## What to work on
Beneath this instruction is a block of data; output from it exactly the lines that run from the one containing "Pochette Miu Miu matelassé" through the one containing "Kaart van postcodegebied 5038PB.", inclusive.

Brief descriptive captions
----
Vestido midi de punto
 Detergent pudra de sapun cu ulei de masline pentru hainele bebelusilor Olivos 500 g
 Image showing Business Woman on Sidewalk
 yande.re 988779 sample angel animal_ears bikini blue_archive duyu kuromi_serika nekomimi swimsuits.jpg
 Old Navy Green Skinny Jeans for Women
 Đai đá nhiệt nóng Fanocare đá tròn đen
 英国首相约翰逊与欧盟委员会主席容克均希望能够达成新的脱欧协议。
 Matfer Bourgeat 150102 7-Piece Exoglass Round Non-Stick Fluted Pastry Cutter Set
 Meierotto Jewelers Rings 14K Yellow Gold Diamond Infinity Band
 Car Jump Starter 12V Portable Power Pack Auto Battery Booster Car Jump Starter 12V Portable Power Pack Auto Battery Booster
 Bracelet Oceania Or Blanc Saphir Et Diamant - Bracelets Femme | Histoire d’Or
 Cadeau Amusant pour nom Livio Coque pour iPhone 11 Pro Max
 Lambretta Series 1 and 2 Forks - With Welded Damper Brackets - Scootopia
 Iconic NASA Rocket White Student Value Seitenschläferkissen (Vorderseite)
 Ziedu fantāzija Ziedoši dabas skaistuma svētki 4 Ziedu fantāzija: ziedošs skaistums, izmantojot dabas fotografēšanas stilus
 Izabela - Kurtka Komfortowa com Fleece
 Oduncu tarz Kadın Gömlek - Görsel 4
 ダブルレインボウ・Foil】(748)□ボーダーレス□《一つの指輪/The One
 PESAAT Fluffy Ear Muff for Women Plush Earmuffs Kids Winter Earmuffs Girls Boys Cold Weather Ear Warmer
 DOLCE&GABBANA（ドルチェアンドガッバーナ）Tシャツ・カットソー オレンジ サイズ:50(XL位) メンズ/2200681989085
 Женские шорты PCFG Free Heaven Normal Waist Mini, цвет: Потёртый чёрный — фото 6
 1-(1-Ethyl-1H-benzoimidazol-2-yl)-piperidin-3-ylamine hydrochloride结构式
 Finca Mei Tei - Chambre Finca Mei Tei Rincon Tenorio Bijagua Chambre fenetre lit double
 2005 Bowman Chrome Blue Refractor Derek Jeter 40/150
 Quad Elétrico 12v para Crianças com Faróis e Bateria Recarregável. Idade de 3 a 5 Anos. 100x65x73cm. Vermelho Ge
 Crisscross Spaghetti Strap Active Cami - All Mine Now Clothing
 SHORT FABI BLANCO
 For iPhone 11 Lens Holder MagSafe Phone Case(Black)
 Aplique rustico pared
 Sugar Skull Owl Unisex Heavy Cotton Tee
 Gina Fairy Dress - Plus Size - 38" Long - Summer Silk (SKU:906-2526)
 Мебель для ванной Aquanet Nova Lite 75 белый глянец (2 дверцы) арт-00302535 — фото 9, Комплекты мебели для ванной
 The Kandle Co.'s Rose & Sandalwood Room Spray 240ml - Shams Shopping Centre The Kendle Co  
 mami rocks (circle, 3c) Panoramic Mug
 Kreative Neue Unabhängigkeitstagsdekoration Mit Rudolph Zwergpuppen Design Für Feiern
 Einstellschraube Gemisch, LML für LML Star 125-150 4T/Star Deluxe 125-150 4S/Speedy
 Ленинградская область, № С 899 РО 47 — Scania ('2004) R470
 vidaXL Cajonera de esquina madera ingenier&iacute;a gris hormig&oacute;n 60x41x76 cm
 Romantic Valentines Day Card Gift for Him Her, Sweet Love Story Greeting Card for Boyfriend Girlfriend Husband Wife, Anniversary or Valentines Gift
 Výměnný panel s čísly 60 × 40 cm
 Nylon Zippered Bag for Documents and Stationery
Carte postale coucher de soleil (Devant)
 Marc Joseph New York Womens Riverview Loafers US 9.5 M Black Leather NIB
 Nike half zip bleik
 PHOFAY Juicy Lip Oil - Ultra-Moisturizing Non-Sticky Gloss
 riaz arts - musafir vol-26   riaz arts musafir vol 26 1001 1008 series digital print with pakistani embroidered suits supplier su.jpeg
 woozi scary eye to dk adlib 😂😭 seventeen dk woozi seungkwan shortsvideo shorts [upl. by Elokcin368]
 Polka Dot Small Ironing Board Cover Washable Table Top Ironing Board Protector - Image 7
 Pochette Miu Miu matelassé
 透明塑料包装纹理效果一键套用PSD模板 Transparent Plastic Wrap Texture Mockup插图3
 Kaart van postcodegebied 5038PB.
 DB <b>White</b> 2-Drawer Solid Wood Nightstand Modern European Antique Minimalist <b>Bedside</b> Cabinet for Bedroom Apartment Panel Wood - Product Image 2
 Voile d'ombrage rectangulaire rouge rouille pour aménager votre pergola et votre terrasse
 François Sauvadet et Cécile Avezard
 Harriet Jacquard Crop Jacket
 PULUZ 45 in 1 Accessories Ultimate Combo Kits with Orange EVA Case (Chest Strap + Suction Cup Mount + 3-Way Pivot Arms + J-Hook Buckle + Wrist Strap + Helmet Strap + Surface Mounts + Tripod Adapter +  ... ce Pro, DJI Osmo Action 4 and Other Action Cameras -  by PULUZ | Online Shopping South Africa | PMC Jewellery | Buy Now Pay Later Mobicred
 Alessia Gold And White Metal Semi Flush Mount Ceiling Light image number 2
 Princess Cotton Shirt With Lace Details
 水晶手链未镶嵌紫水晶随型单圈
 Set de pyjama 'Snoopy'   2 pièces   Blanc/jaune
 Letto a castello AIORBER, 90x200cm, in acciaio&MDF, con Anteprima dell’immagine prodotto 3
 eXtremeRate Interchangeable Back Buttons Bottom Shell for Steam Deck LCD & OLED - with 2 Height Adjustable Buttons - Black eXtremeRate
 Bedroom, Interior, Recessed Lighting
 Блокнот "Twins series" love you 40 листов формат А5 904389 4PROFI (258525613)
----
## Solution
 Pochette Miu Miu matelassé
 透明塑料包装纹理效果一键套用PSD模板 Transparent Plastic Wrap Texture Mockup插图3
 Kaart van postcodegebied 5038PB.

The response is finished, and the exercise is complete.